- Assignment -
Could you repeat, word for word, the line with "2025年8月7日特吉生肖 2025年8月7日生肖小运播报" and every line after it in the records below, leaving out any pictures?

=== Provided information ===

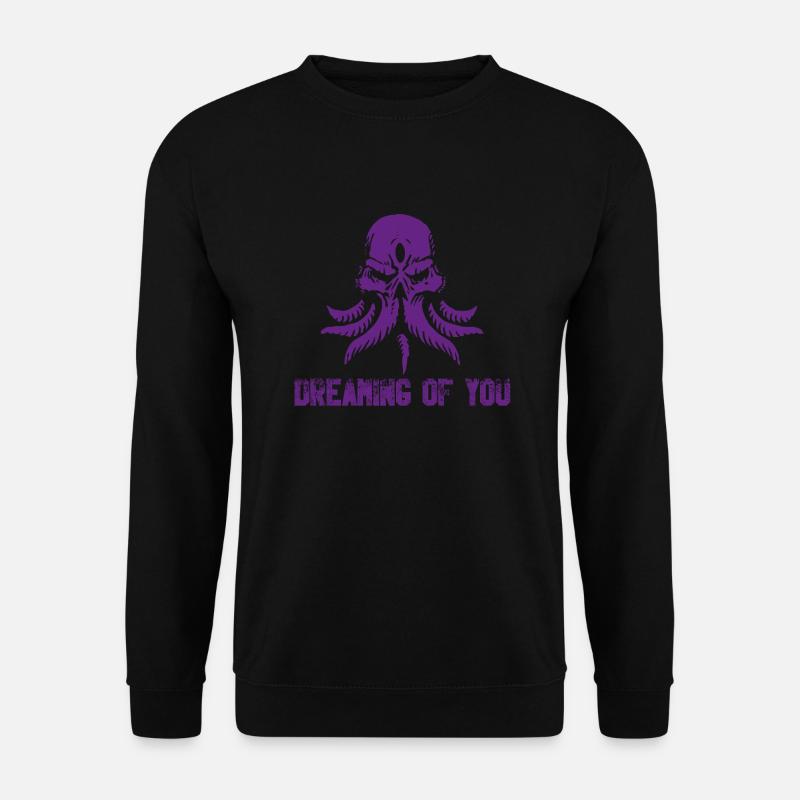 Träumen von Ihnen - Unisex Pullover - Schwarz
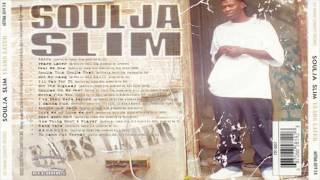 SOULJA SLIM — ONE THING BOUT A PLAYER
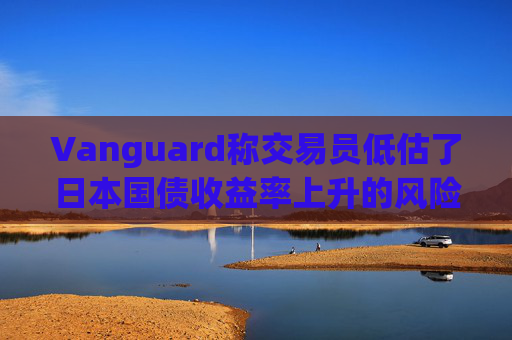 Vanguard称交易员低估了日本国债收益率上升的风险
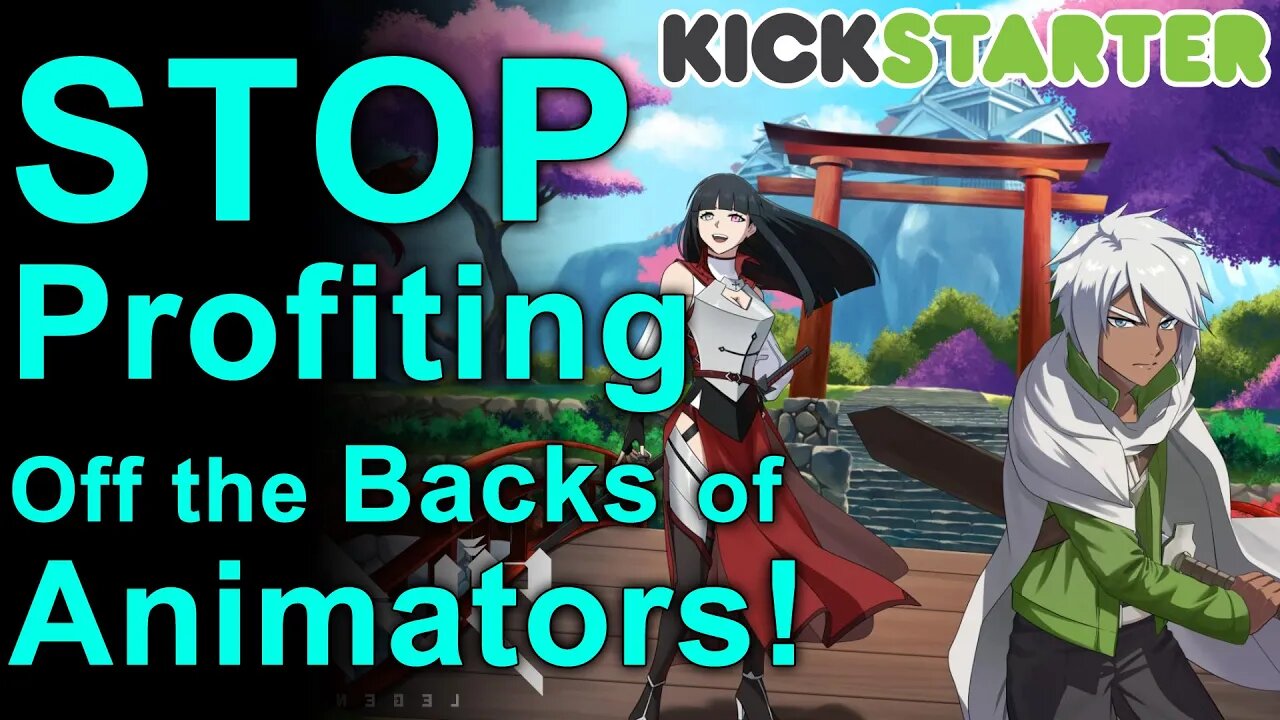 This Has To Stop! Profiting Off the Backs of Animators! Kickstarter Built on Disinformation!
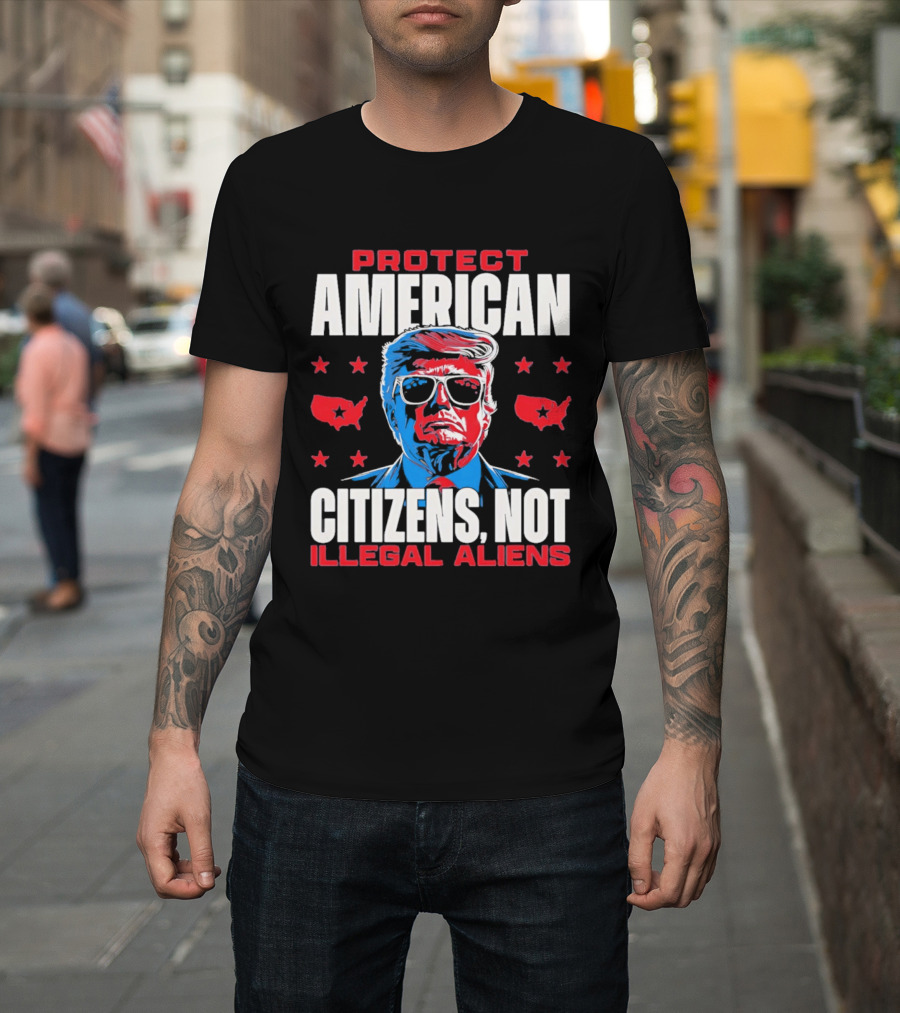 Protect American Citizens Not Illegal Aliens Trump Stars Map T-Shirt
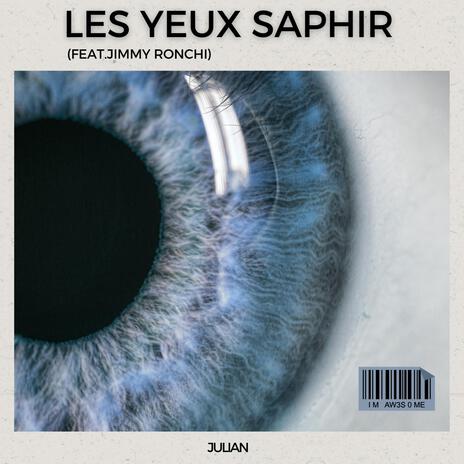 Les yeux saphir ft. Jimmy Ronchi | Boomplay Music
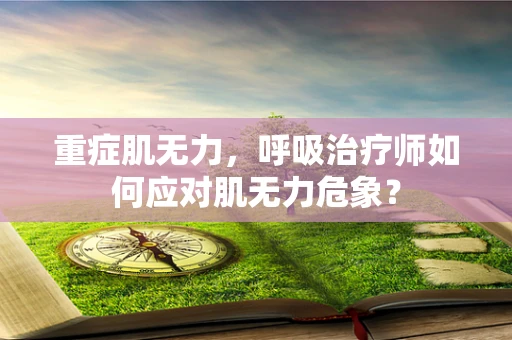 重症肌无力，呼吸治疗师如何应对肌无力危象？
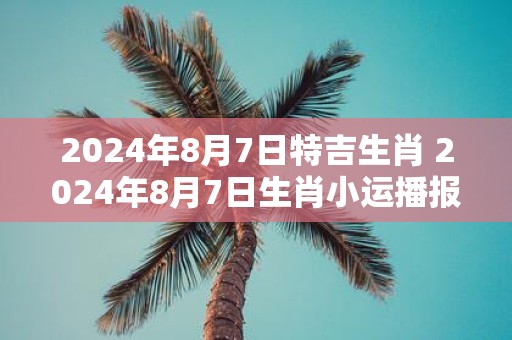 2025年8月7日特吉生肖 2025年8月7日生肖小运播报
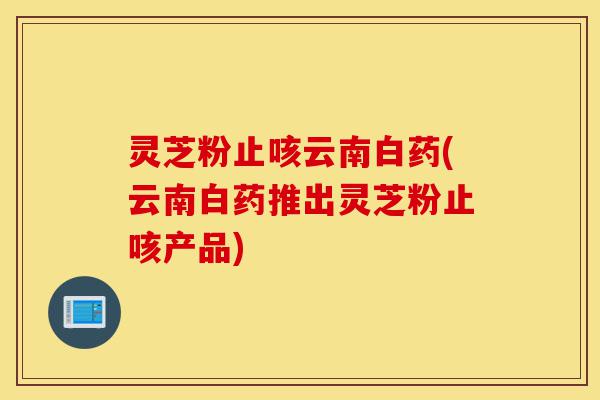 灵芝粉止咳云南白药(云南白药推出灵芝粉止咳产品)-第1张图片-灵芝之家 灵芝粉止咳云南白药(云南白药推出灵芝粉止咳产品)-第1张图片-灵芝之家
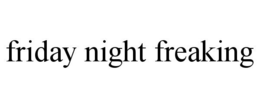 FRIDAY NIGHT FREAKING trademark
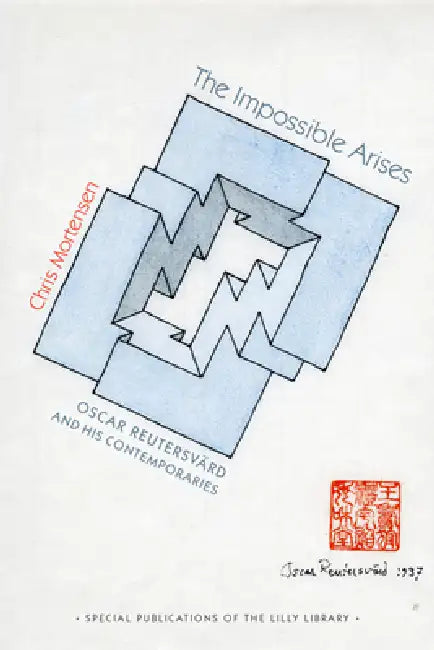 The Impossible Arises: Oscar Reutersvärd and His Contemporaries by Chris Mortensen
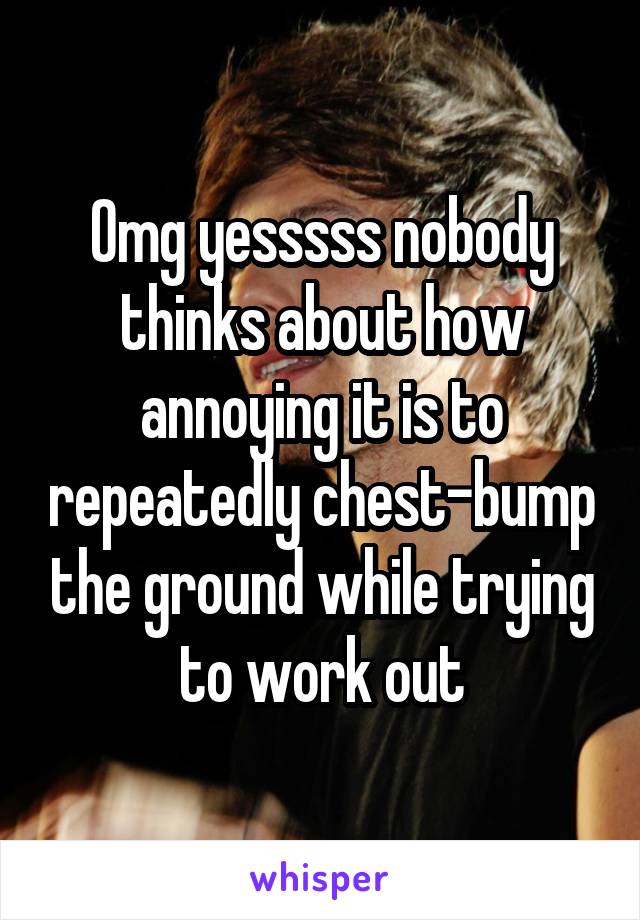 Omg yesssss nobody thinks about how annoying it is to repeatedly chest-bump the ground while trying to work out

===

- Answer box -
 2025年8月7日特吉生肖 2025年8月7日生肖小运播报
 灵芝粉止咳云南白药(云南白药推出灵芝粉止咳产品)-第1张图片-灵芝之家 灵芝粉止咳云南白药(云南白药推出灵芝粉止咳产品)-第1张图片-灵芝之家
 FRIDAY NIGHT FREAKING trademark
 The Impossible Arises: Oscar Reutersvärd and His Contemporaries by Chris Mortensen
 Omg yesssss nobody thinks about how annoying it is to repeatedly chest-bump the ground while trying to work out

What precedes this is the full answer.